他只觉得视线里的天空越来越窄,越来越暗。

在完全陷入黑暗之前,他用尽最后力气,从轮椅扶手的夹缝里,掏出那张叠了十四年的、泛黄的调任通知。

他没有力气展开它。

小主,

他只是把那块小小的纸片,攥进掌心。

——

画面彻底黑下去。

只剩下阿七的心跳声。

很慢,很弱,却异常平稳。

像一场终于到来的、没有遗憾的睡眠。

——

小满把手从年轮上移开时,满脸都是泪。

她不知道自己哭了多久。
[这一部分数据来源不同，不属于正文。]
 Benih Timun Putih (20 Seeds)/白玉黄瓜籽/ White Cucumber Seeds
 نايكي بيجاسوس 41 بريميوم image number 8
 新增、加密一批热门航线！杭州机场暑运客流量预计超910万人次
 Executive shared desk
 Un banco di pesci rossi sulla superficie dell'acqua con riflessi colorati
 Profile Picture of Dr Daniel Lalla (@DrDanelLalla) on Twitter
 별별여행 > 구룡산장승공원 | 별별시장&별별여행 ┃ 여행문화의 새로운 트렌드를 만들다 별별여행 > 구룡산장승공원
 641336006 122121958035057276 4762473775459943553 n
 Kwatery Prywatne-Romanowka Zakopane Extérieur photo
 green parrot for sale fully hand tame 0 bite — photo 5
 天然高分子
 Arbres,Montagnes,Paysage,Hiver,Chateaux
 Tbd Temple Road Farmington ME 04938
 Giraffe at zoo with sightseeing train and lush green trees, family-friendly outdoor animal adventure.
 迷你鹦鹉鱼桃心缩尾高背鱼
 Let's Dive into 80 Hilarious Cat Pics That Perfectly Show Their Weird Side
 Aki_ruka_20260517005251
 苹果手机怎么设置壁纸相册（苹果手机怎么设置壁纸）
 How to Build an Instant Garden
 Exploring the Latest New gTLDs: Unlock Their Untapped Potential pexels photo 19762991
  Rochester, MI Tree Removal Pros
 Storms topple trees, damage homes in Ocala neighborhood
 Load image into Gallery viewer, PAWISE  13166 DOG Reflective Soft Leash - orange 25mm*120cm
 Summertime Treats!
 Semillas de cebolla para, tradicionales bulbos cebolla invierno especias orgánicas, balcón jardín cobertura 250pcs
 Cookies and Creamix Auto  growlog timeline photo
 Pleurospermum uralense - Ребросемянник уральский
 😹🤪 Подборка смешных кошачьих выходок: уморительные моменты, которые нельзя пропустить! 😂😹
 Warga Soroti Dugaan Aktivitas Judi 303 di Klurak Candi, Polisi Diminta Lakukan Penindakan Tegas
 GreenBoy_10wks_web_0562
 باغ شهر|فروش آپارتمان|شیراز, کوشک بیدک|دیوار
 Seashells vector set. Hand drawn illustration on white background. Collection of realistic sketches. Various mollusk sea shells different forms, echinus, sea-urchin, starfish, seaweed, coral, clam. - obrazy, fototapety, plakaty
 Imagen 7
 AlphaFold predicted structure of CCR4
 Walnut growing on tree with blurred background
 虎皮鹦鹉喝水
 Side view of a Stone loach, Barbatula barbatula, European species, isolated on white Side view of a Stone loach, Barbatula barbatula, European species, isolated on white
月光还亮着,樱花树还静默地立在原地,阿七的轮椅还停在老树下,开满了花。

她低头看着自己的掌心。

那里还残留着年轮的光,淡银色,像淬了霜的月光。

“阿七哥……”她的声音碎在喉咙里。

没有人回答。

轮椅上的迎春花在夜风里轻轻摇了摇。

——

晏临霄是被春序的推送惊醒的。

“检测到‘樱花年轮’协议主动激活。”

“位置:因果诊所·庭院·老樱花树主干。”

“当前年轮圈数:1。”

“已归档记忆条目:阿七·749局时期·共计14年·关键节点7帧。”

“首圈核心记忆锚点已确认——”

“代号:挡车。”

“关联者:晏临霄。”

“执念源:未说出口的答案。”

——

晏临霄站在樱花树前时,天边已经泛起蟹壳青。

小满还蹲在那里,抱着膝盖,脸埋在臂弯里。她肩膀轻轻颤着,没有声音。

他伸出手。

掌心肌肤触及树皮的刹那——

——

——医院走廊。

消毒水的气味,日光灯惨白的光,远处隐隐传来仪器的滴答声。

阿七躺在移动病床上,身上盖着沾血的被单。

走廊另一头,749局的人正推着晏临霄往手术室方向走——他右眼的伤口刚做了紧急处理,纱布还在往外渗血。

两架病床交错而过的瞬间,阿七抬起手。

他的指尖勾住了晏临霄垂在床沿的袖口。

很轻。

像小时候拽住父亲衣角那样。

晏临霄偏过头。

他一只眼睛已经被纱布遮住,另一只眼半睁着,瞳孔涣散,还没从剧烈的创伤和失血中完全聚焦。

但他认出了那只手。

“阿七……”他的声音沙哑得像砂纸。

阿七没有回答。

他只是用力地、固执地,攥着那片沾了血的袖口布料。

他被推远了。

手指从袖口滑脱的瞬间,他的嘴唇动了一下。

没有声音。

晏临霄读不出那是什么。

——

晏临霄把手从年轮上移开。

天已经亮了。

晨光落在他空荡荡的右眼眼窝里,落在他新生的、铭刻着双神器纹路的右臂上。

他低头,看着自己左袖口。

那里没有血迹。

什么都没有。

但他忽然想起来了。

——十四年前,他问过阿七无数次:那天你到底想说什么?

阿七每次都不回答。

后来他以为那是自己记错了。创伤会扭曲记忆,医生说过。

原来不是。

阿七只是没来得及说。

——

小满不知什么时候站了起来。

她走到阿七轮椅旁边,弯下腰,把脸颊轻轻贴在开满迎春花的扶手上。

“阿七哥,”她的声音很轻,像怕惊醒一个漫长的梦,“你想说的话……”

“我替哥哥听到了。”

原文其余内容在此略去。